Definition: price discrimination is the charging of different prices to consumers for the same good or service in order to increase profits.

1. First degree price discrimination:

This means that a firm can charge each consumer the maximum s/he would be willing to pay. If perfect price discrimination occurs, it means that the entire consumer surplus is extracted by the producer, and so it falls to zero.

If we think of the demand curve and price starting to fall price in blocks of one unit – Q1 and P1, the producer can extract the area above equilibrium, which, say, is at P3.

Many companies that supply homes with electricity use this method– the first block of units is expensive, then the units get cheaper as the family uses more electricity over the month. Check your electricity bill at home and see if it is happening to you!

2. Second degree price discrimination:

This occurs when a firm sells at its profit maximising position, and finds it has some goods/services left over, so it sells this surplus more cheaply to others.

This is commonly done with airline seats and hotel rooms – have you heard of lastminute.com? Look it up on the internet – there are bargains to be had! You might also encounter cheaper cinema seats on one day of the week, or perhaps in the afternoon but not the evening.

Where second degree price discrimination exists, fixed costs typically are large, and marginal costs are low or perhaps virtually constant.

Here the firm first produces where MC = MR (at Q1 and sells at P1). Marginal costs are constant – think of empty airline seats where the marginal cost is tiny; it is the cost of one more meal and a miniscule extra amount of fuel.

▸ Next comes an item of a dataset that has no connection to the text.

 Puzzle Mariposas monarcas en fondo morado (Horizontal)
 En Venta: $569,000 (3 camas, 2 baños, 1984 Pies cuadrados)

The company can increase its profits further by selling the first quantity at the high price OP1, then expanding its output to Q2 and selling the remainder for price OP2. The computer programs the airlines use are sophisticated, and can offer seats at different prices, starting a bit below P1 and reducing all the way to P2, to earn more money. On any full commercial airline, the passengers are normally paying a whole variety of prices for this reason.

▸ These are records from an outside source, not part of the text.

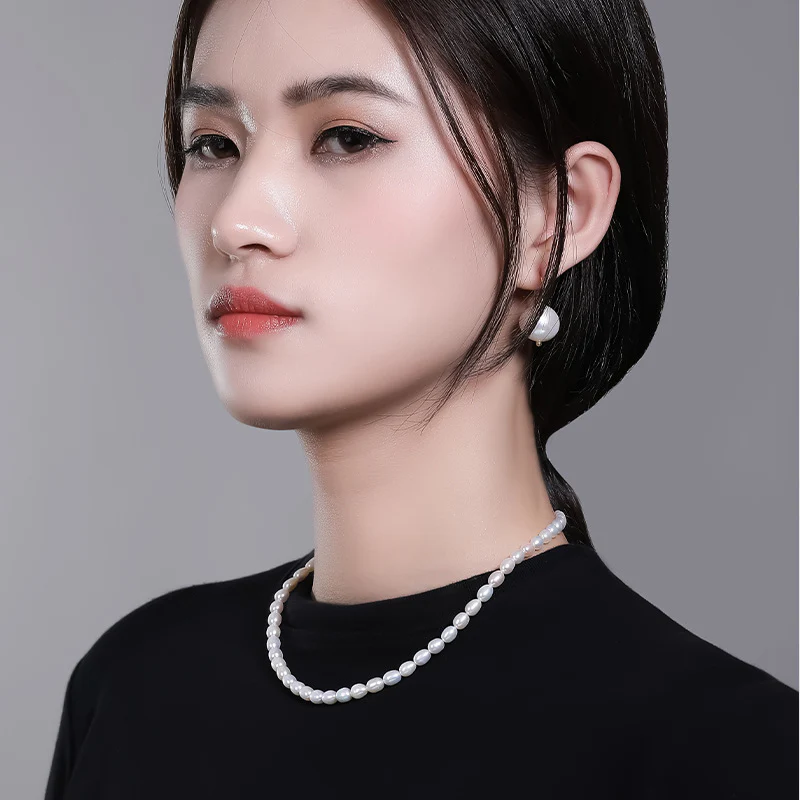 Classic Freshwater Pearl Beaded Necklace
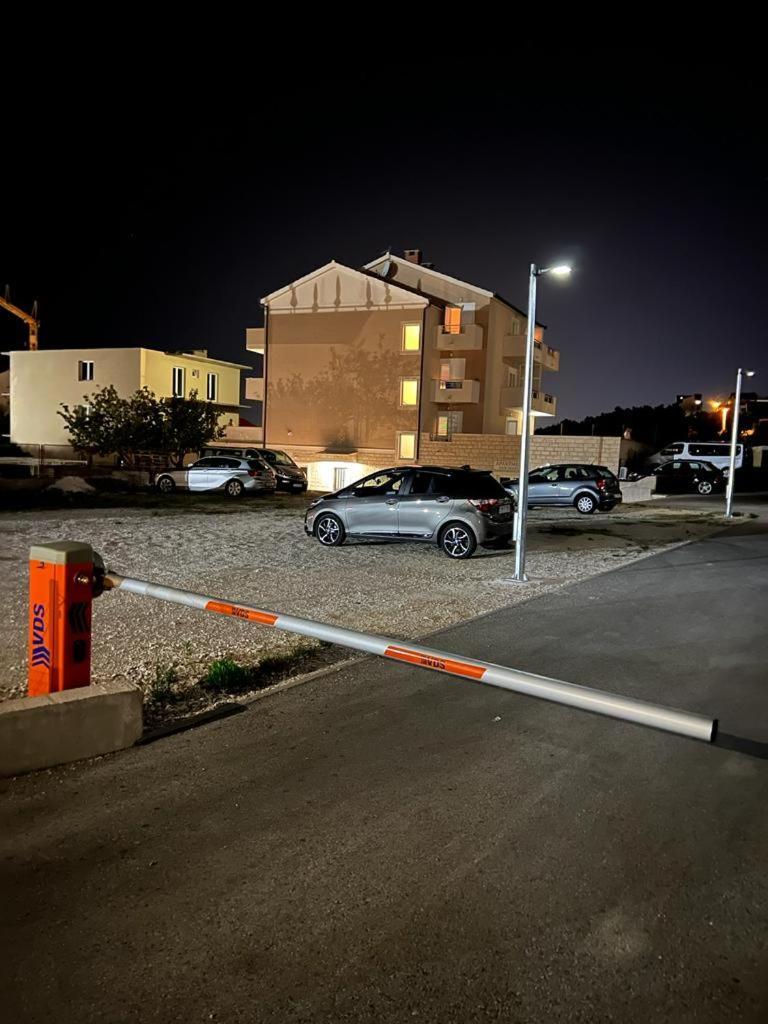 Antonio Apartmani Подстрана Экстерьер фото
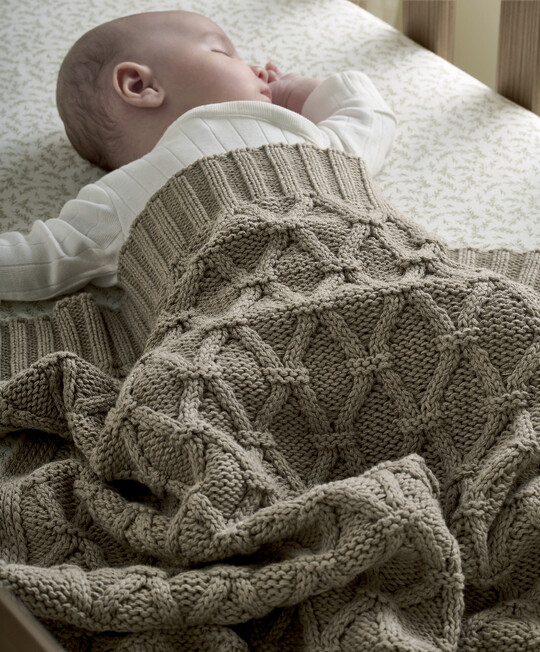 Welcome to the World Seedling Knitted Blanket - Diamond image number 5
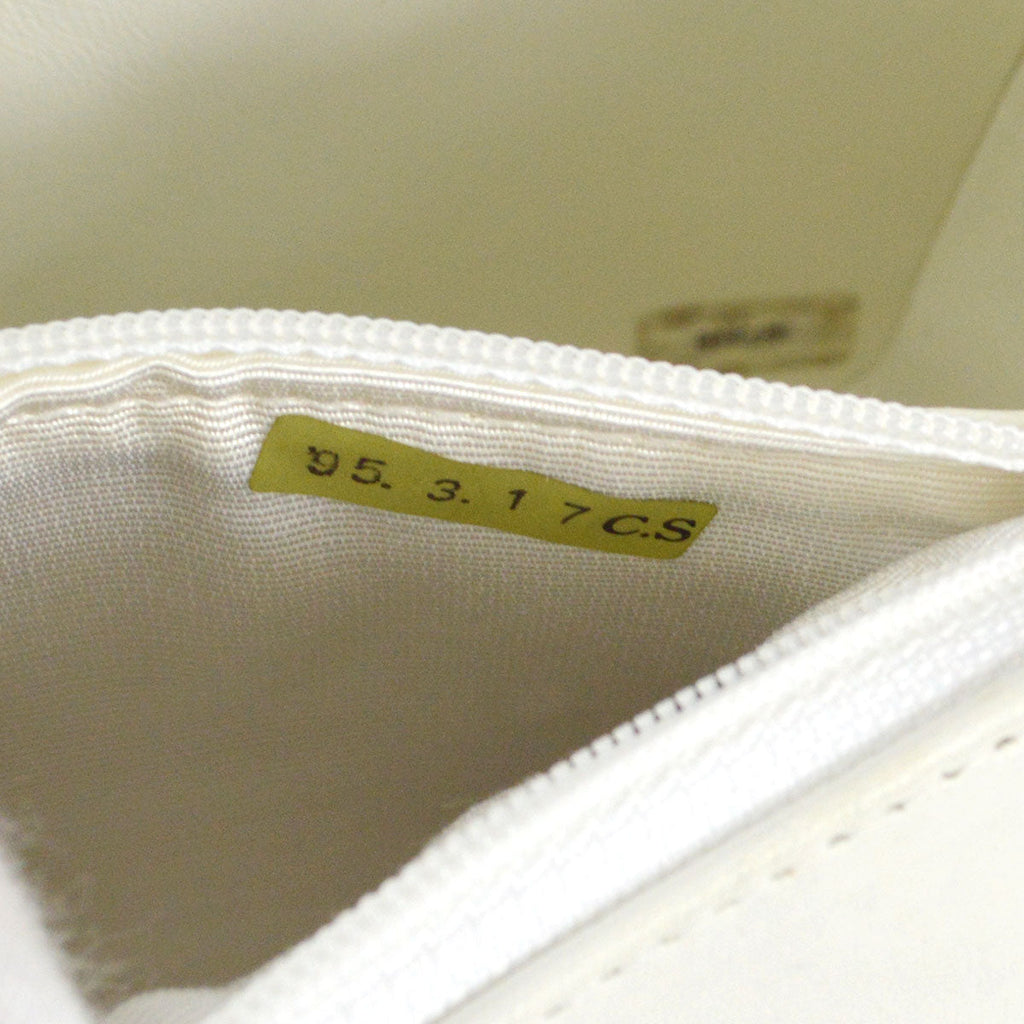 CHANEL 1994-1996 Diana Flap Medium White Lambskin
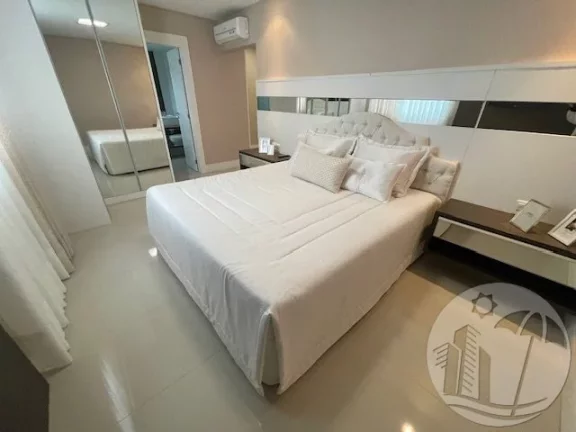 Imagem Apartamento Alto Padrão à Venda com 3 Suítes e 3 Vagas em BC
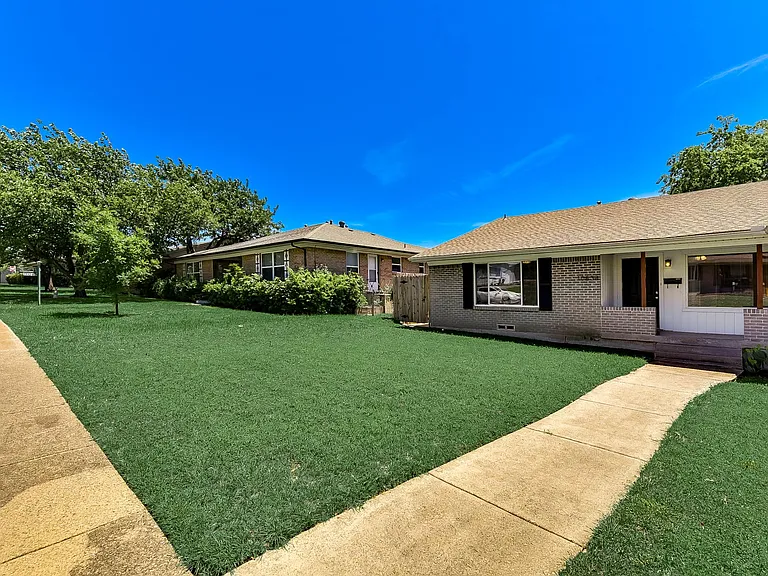10838 Marchant Cir — Photo 1
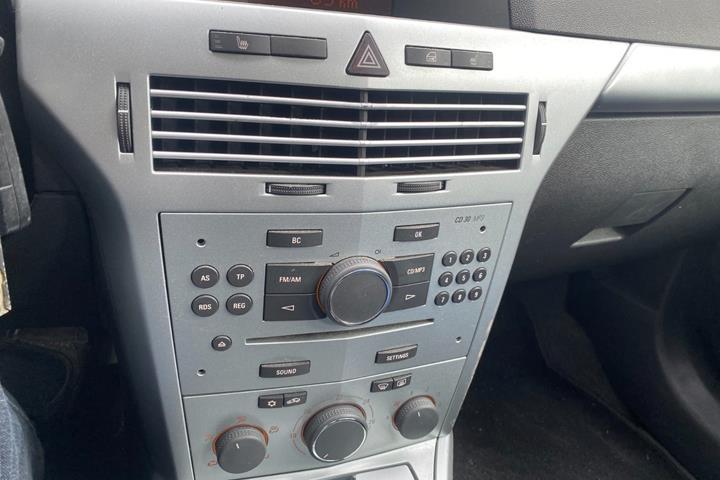 undefined Opel Astra fra 2009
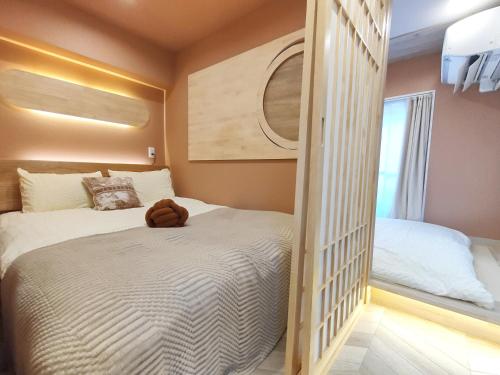 a small bedroom with a bed and a window at 26 新宿中心2卧室 超级商圈 交通枢纽 早稻田大学 东新宿车站8分钟 最大5人 Shinjuku center 8 mins to ST 5P Maxs 直达新宿 涉谷 表参道 品川 池袋 上野 代代木 银座 原宿 in Tokyo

3. Third degree price discrimination:

This is often called “the price discriminating monopolist”.

This happens where a monopolist can sell at different prices in different markets. To occur at all, it requires three things:
There is a monopolist.
The markets can be kept separate.
There are different elasticities of demand in each market.

The consumers in the market with the most inelastic demand always face a higher price.

We locate the marginal cost in the usual way, from the monopoly diagram. We then apply that MC to both the separate markets. Because each separate market has a different demand curve and elasticity, they have different marginal revenue curves. Putting this another way, once we know the actual MC figure, we can trace it across

to both markets, see the intersection with the MR curve in each, and set the price in each. This will be different in each market because the elasticities are different.

We determine the overall MC=MR position on the left hand side of the diagram below. Then once we have the MC point established, we read this MC across to where it cuts the individual MR curves in the first two diagrams. That point determines the price in each market, reading up off the demand curve in those separate markets.

The market with the relatively inelastic demand always has the higher price. This is expected as the greater the inelasticity, the more people want to buy it and are prepared to pay that much more for it.

This situation of different elasticities is typical of foreign markets and home markets. In the world in which we live, for most goods and services the demand in the global market is more elastic than in each domestic market. This is because competition is greater at the global level - the whole world competes! Therefore, firms that export often charge more in the home market (where the elasticity of demand is lower) than abroad.

Any multiple choice question or data response question about different prices in different markets will be about the first, second or third degree discrimination possibilities. You just have to think about it and decide which one it is, unless the question makes it clear upfront.